Published July 09, 2025 · Reviewed July 02, 2026 · By the Speed Training Workout Coaching Team

Ankle & Foot Strength for Speed

Ankle & Foot Strength: The Secret Weapon for Speed

Think about the fastest athletes you know—sprinters, soccer players, basketball guards. What do they all have in common? Explosive power starts from the ground up. And if you're ignoring ankle and foot strength, you're leaving speed on the table.

Here’s the truth: Your feet and ankles are the foundation of every step, cut, and jump. Weak ankles? You’re slower, more injury-prone, and missing out on game-changing acceleration. Strong ankles? You move like a spring-loaded machine.

Why Your Ankles Are Holding You Back

Picture this: A basketball player plants their foot to make a sharp cut—but their ankle wobbles. Instead of exploding past the defender, they lose balance or, worse, roll an ankle. Sound familiar?

Weak ankles and feet are like trying to sprint in sand. You’re working harder, but not moving faster. Strong ankles, on the other hand, act like coiled springs, storing and releasing energy with every stride.

The 3 Must-Do Exercises for Bulletproof Ankles

1. Single-Leg Calf Raises (No Cheating!)
Stand on one foot, push through the ball of your foot, and lift your heel as high as possible. Lower slowly. Do 3 sets of 15 per leg. Too easy? Add weight or do them on a step for extra range.

2. Resistance Band Ankle Inversions & Eversions
Sit with a resistance band looped around your foot. Pull your foot inward (inversion) and outward (eversion) against the band. This strengthens the often-neglected stabilizers.

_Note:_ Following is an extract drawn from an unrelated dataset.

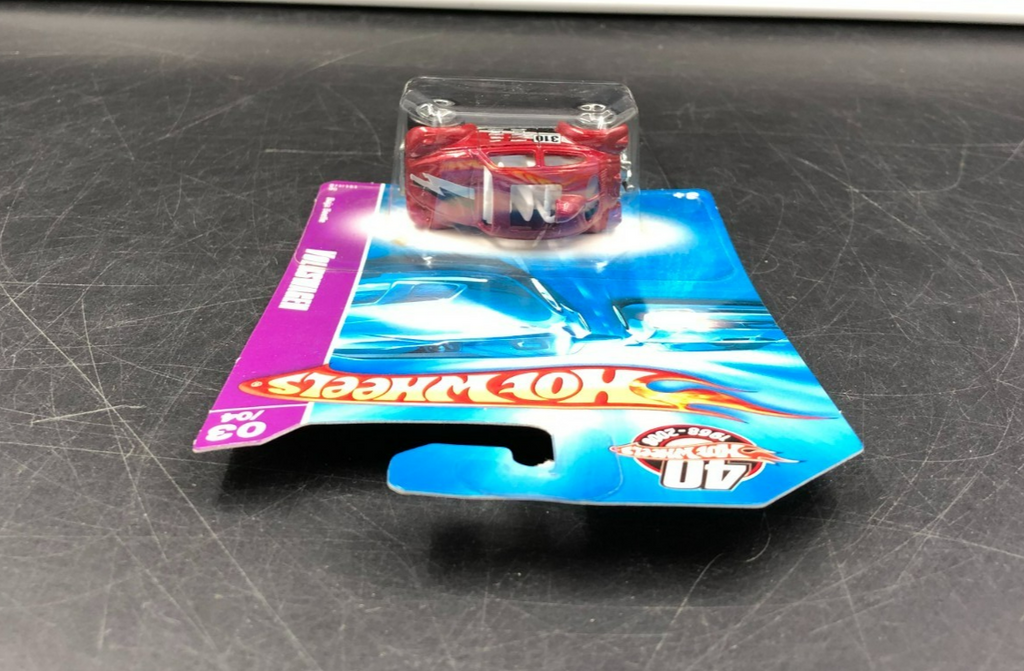 2008 Hot Wheels #131/172 Team: Volkswagen #3/4 Baja Beetle Diecast Car - NEW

3. Barefoot Balance Drills
Stand on one leg barefoot for 30-60 seconds. Progress by closing your eyes or standing on a soft surface (like a pillow). This builds proprioception—your body’s internal GPS for movement.

Real-World Proof: Strong Ankles = Faster Athletes

I once trained a high school sprinter who kept hitting a speed plateau. Turns out, his ankles were weak—he had no "pop" off the ground. After 6 weeks of focused ankle work? He dropped 0.2 seconds on his 40-yard dash. That’s a lifetime in sprinting.

Another example: Soccer players who do regular ankle strengthening have been shown to cut faster and change direction more explosively. The research backs it up—this isn’t just bro science.

As with any new exercise routine, ease in gradually and check with a physician or physical therapist if you're recovering from an ankle injury.

FAQs: Ankle Strength for Speed

Q: How often should I train ankles for speed?
A: 2-3x per week. They recover fast, so you can train them often.

Q: Will this help prevent ankle sprains?
A: Absolutely. Strong ankles resist rolling and recover quicker if you do tweak them.

Q: Can I just do calf raises and call it a day?
A: Nope. You need multi-directional work (like the band exercises) to hit all the stabilizer muscles.

Q: How long until I see speed improvements?
A: Most athletes notice better explosiveness in 4-6 weeks if training consistently.

The Bottom Line

If you want to be faster, start treating your ankles and feet like the performance powerhouse they are. Strong ankles mean better force transfer, quicker cuts, and fewer injuries. And who doesn’t want that?

Stop neglecting them. Train them like your speed depends on it—because it does.